Exactly and only the lines from the one with "this 1000×563 image." through the last line of the records need to be set down; please skip the pictures.

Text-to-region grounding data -
------------------------------------
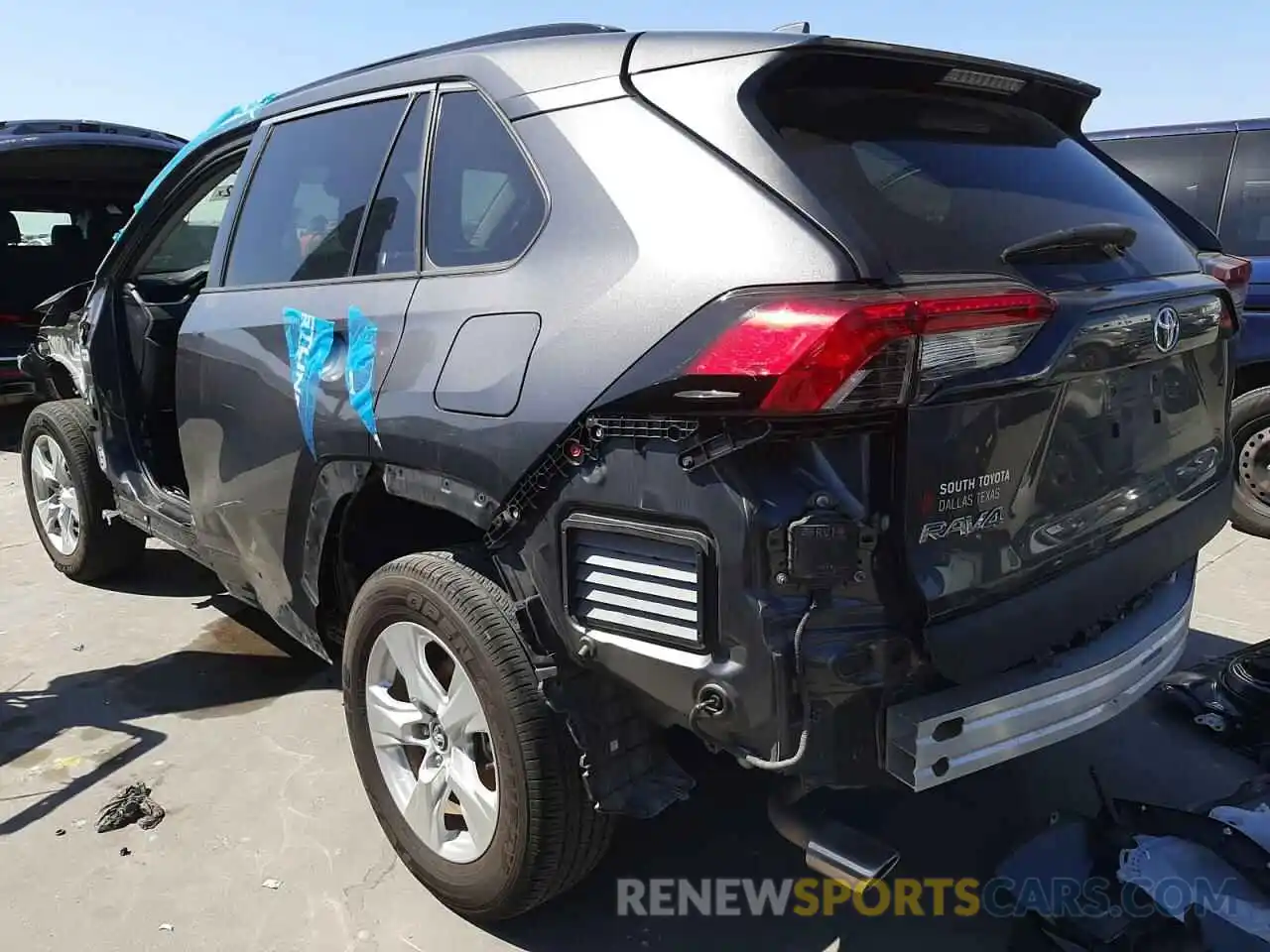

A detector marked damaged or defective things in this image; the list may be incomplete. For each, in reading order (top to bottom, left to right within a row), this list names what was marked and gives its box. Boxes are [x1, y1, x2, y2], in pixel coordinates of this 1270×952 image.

exposed rear bumper bar [878, 558, 1194, 791]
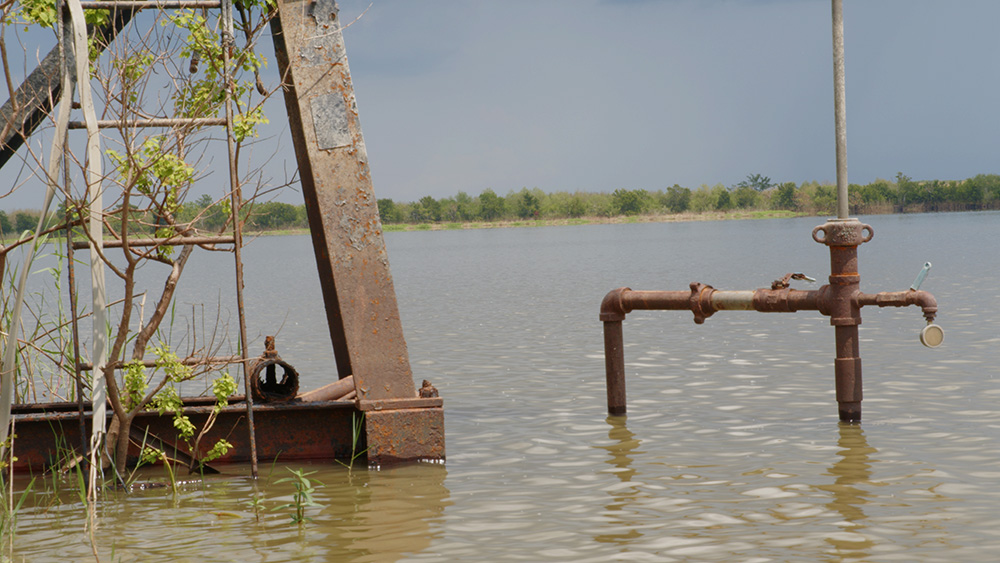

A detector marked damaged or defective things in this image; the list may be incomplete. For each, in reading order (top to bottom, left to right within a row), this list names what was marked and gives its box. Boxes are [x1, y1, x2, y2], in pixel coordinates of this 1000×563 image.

rusty metal structure [0, 0, 444, 472]
rusted baseplate [10, 396, 442, 476]
rusted steel beam [266, 0, 414, 400]
corroded metal surface [268, 0, 416, 400]
vertical rusted pipe [600, 320, 624, 416]
rusty metal structure [600, 0, 944, 424]
horizontal rusted pipe [856, 290, 932, 322]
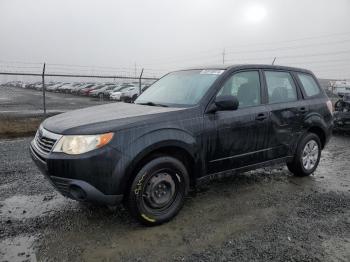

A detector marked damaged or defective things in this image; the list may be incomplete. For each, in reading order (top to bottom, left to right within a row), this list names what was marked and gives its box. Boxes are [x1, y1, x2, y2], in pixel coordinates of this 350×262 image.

damaged vehicle [30, 64, 334, 225]
damaged vehicle [334, 93, 350, 131]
------------------------------------
YOUR SOLUTION -
A detector marked damaged or defective things in this image; the list may be incomplete. For each, in reading order (top to bottom, left to right within a row), this list names what was marked and gives its box. Boxes are [x1, y1, x2, y2], in pixel coordinates of this 1000×563 image.

rusty metal structure [0, 0, 444, 472]
rusted baseplate [10, 396, 442, 476]
rusted steel beam [266, 0, 414, 400]
corroded metal surface [268, 0, 416, 400]
vertical rusted pipe [600, 320, 624, 416]
rusty metal structure [600, 0, 944, 424]
horizontal rusted pipe [856, 290, 932, 322]

A detector marked damaged or defective things in this image; the list may be incomplete. For each, in reading order (top to bottom, left to right within a row), this list names what was marked and gives its box. Boxes are [x1, y1, x2, y2], in pixel coordinates of this 350×262 image.

damaged vehicle [30, 64, 334, 225]
damaged vehicle [334, 93, 350, 131]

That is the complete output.